Prisão no júri: percepção pessoal do julgador vale mais do que a CF?
19 de setembro de 2024, 8h00
Abstract: O título é deliberadamente provocativo, uma vez que se disse, no julgamento do STF, que a decisão tinha razões de “constrangimento pessoal”: “essa história que toda a vida me constrangeu imensamente que é ao final do júri o condenado pelo homicídio sair ao lado da família da vítima”, disse o ministro.
Há um backlash contra presunção da inocência?
De há muito afirmo a necessidade de olharmos o novo com os olhos do novo e de (re)afirmamos o processo penal à luz da Constituição. De todas as lutas que travei em minha trajetória acadêmica e jurídica, essa luta foi uma das mais difíceis — e segue sendo. Falo da ADC 44.
Acontece que a sanha punitivista mantém um dos aspectos do senso comum teórico dos juristas mais duros de combater. Está em todos os lugares: está no seio da sociedade e contamina o Direito. O primeiro mito ou lenda é a de que a presunção da inocência proíbe prender antes do trânsito em julgado.
Gastei rios de tinta e muita saliva para explicar isso. Mas não adianta. O ministro Gilmar tentou de novo na semana passada explicar isso. Mas malhou em ferro frio. O que vale é a lenda. O mito. O que são fatos quando só há interpretações? Quem se importa?
Luto há décadas pela presunção de inocência como instituto basilar do Estado democrático de Direito. Escrevi quiçá mais de uma centena de textos, entre colunas, pareceres e livros sobre o tema, inclusive a sustentação oral perante o Pleno do STF em favor das ADCs 43, 44 e 54, da qual fui um dos subscritores.

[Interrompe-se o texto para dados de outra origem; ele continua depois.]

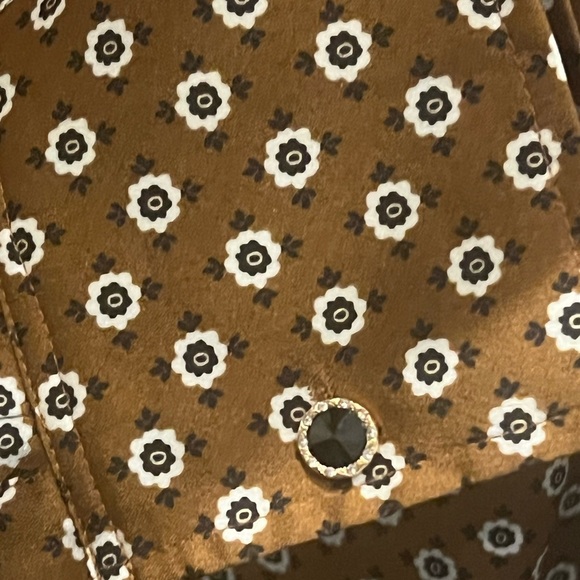 Sanctuary Womens 2X Brown Polka Dot Geo Print Blouse - Picture 4 of 6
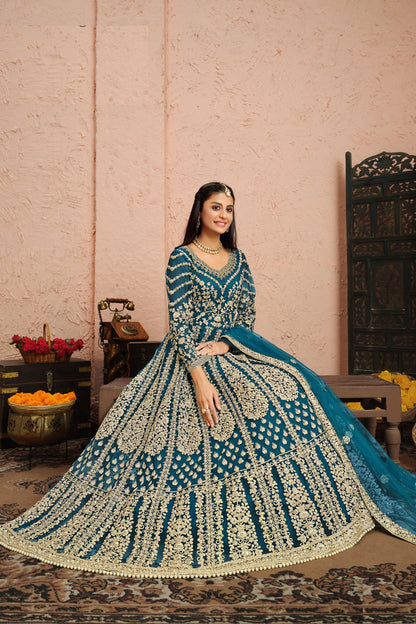 Teal Net Full Floor Length Anarkali Dress For Indian Festivals & Weddings - Embroidery Work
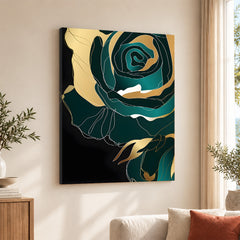 Gold & Green Floral Art Over Black Background | Abstract Floral Artwork #00245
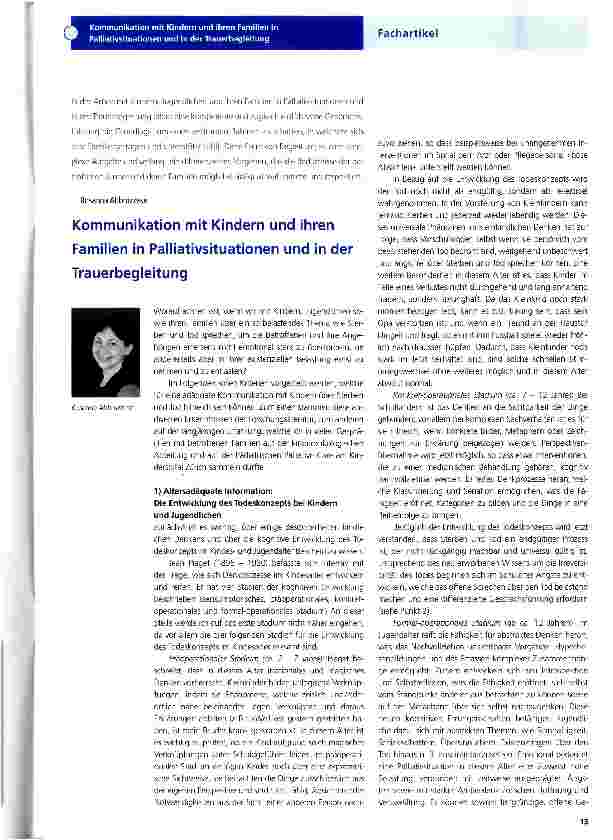 Vorschauseite 1: Kommunikation mit Kindern und ihren Familien in Palliativsituationen und in der Trauerbegleitung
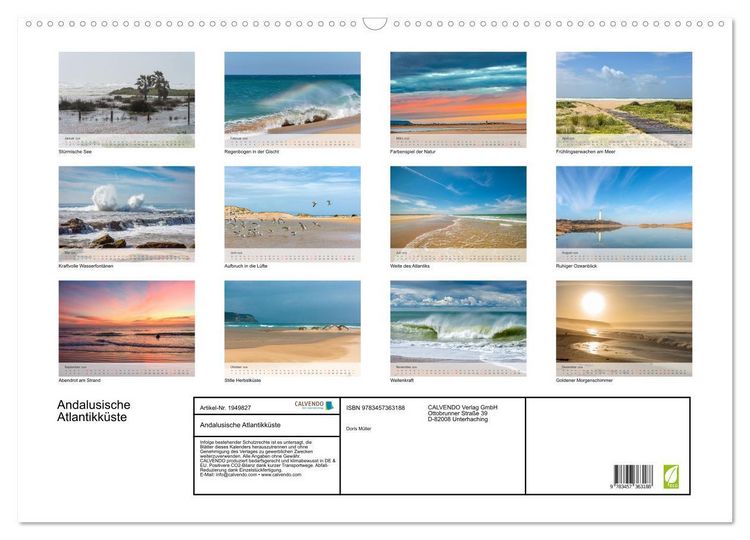 Produktbild: Andalusische Atlantikk&uuml;ste (Wandkalender 2026 DIN A2 quer), CALVENDO Monatskalender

Caso julgado pelo STF e automatização da prisão no júri: de como a nova tese equivale a uma lei abstrata e geral
Pois bem. Sempre digo que sou um conservador do Direito e, portanto, um defensor da Constituição e de suas garantias, mas a vida de um garantista é feita de sobressaltos. Dá-se um passo à frente para depois dar dois para trás. No julgamento do RE 1.253.340 (Tema 1.068) deu-se, infelizmente, alguns passos para trás na garantia processual mais fundamental que temos: a presunção de inocência. Os ministros decidiram, por maioria, aprovar a seguinte regra geral e abstrata:
“a soberania dos veredictos do Tribunal do Júri autoriza a imediata execução da condenação imposta pelo corpo de jurados, independentemente do total da pena aplicada.”

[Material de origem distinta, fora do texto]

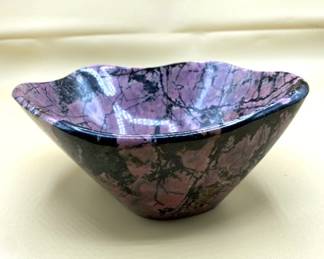 Polished Rhodonite Bowl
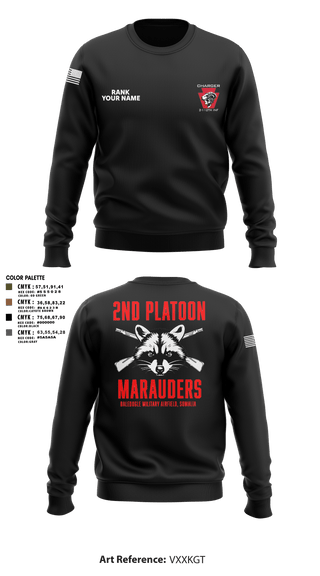 Crew Neck Sweatshirt, Charger Co. / 2-112th Infantry Battalion, National Guard, Teamtime, Team time, sublimation, custom sports apparel, team uniforms, spirit wear, spiritwear, sports uniforms, custom shirts, team store, custom team store, fundraiser sports, apparel fundraiser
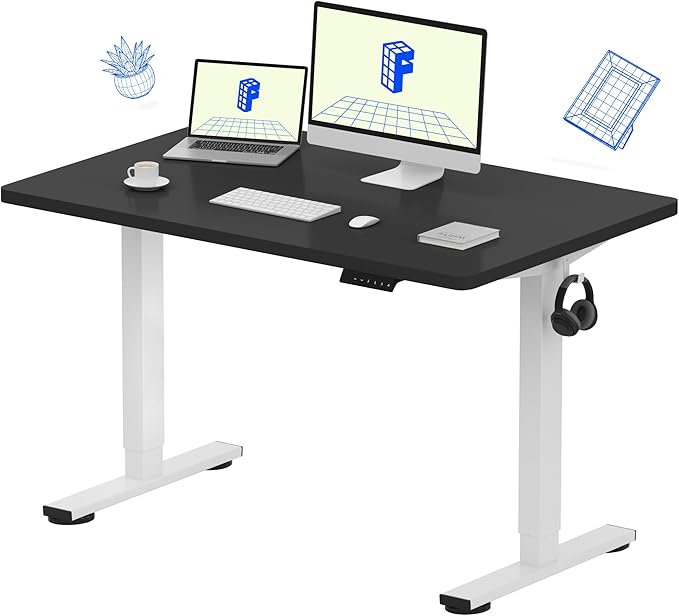 FLEXISPOT EN1 One-Piece Standing Desk, 48 x 30 Inches Electric Height Adjustable Desk for Home Office (White Frame + Black Desktop, 2 Packages)-DeskLoop Office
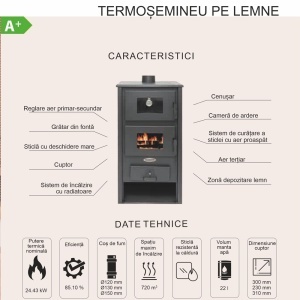 Pachet termosoba pe lemn Termax Codru, 24.43 kW, cuptor integrat, randament 85.10%, 155 m², Antracit si suport lemne foc metalic Termax M cu design vertical si robust, 50 x 40 x 36 cm - Img 11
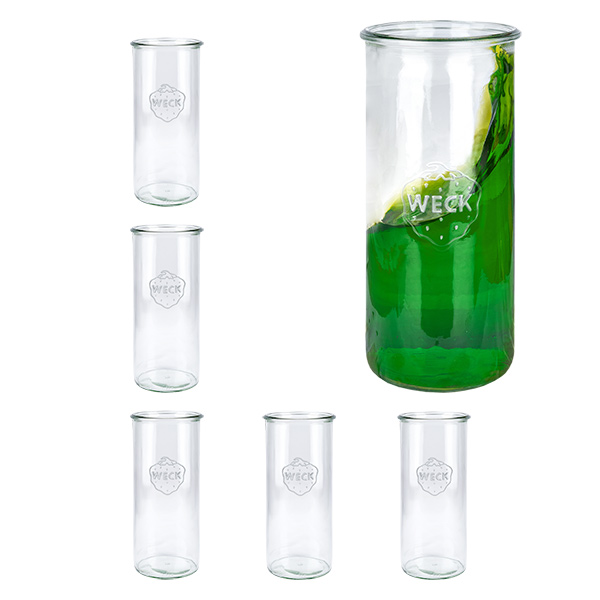 6er Set Weck Gläser 1500 ml Sturz-Glas rund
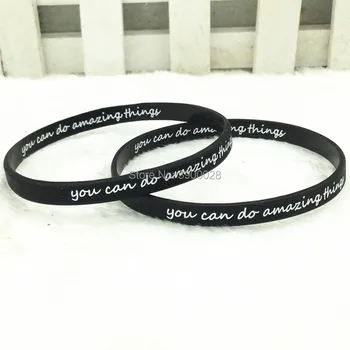 

100pcs you can do amazing things wristbands silicone bracelets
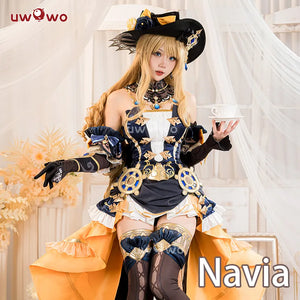 In Stock UWOWO Navia Cosplay Genshin Impact Navia Cosplay Costume Fontaine Rococo Style Dress Cosplay Halloween Costume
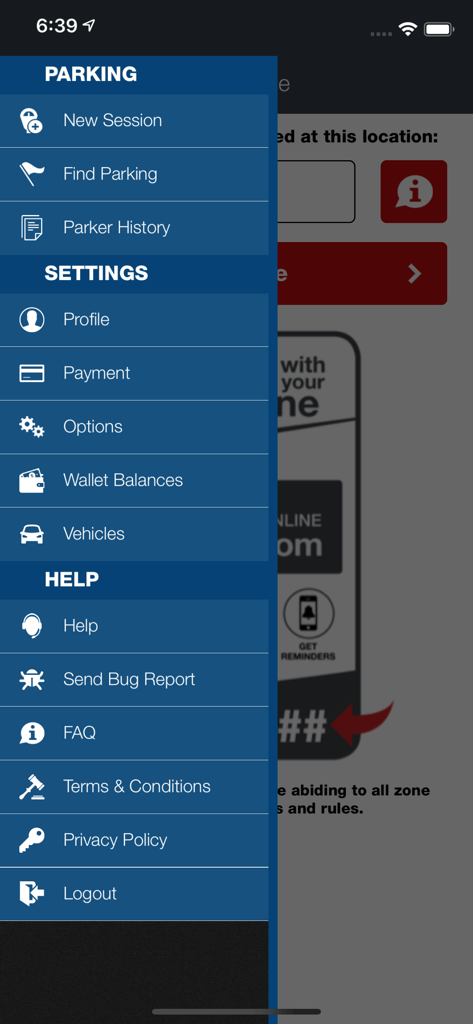 Passport Parking Canada - Side navigation menu of the Passport Parking Canada app displaying account settings and parking options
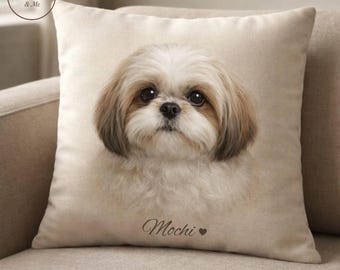 Shih Tzu Custom Pillow, Personalized Pet Portrait Cushion, Dog Memorial Keepsake Gift, Pet Lover Decor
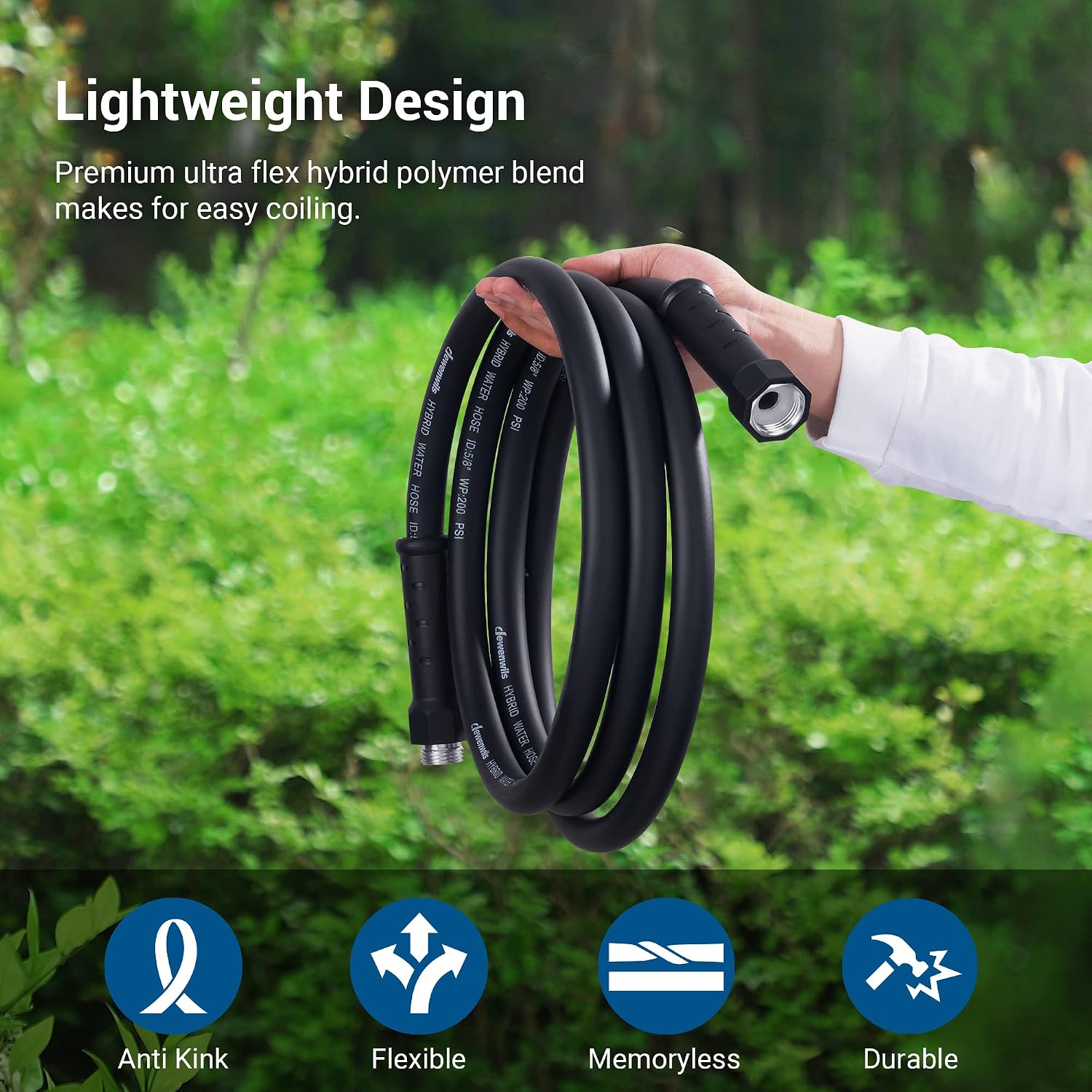 Thumbnail 2 de DEWENWILS 75 ft Hybrid Garden Hose with Swivel Handle — Heavy Duty, Lightweight & Drinking-Water Safe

Nem o legislador faria uma lei “tão seca” e de tamanha generalidade. Sim, isso tem de ser dito. Os tribunais superiores vêm legislando cada dia mais. É a cultura dos precedentes pela qual precedentes são regras feitas para cuidar do futuro.
No caso, a Suprema Corte seguiu o entendimento do relator, o ministro-presidente Luís Roberto Barroso, ampliando o marco penal de 15 anos, que havia sido criado pelo chamado “pacote anticrime”. Agora, para todos os condenados pelo Tribunal do Júri, seja qual for a pena, está autorizado o cumprimento da pena, independentemente do total aplicado pelo júri. Um evidente retrocesso em relação ao que foi decidido nas ADCs que declararam a constitucionalidade do artigo 283 do CPP.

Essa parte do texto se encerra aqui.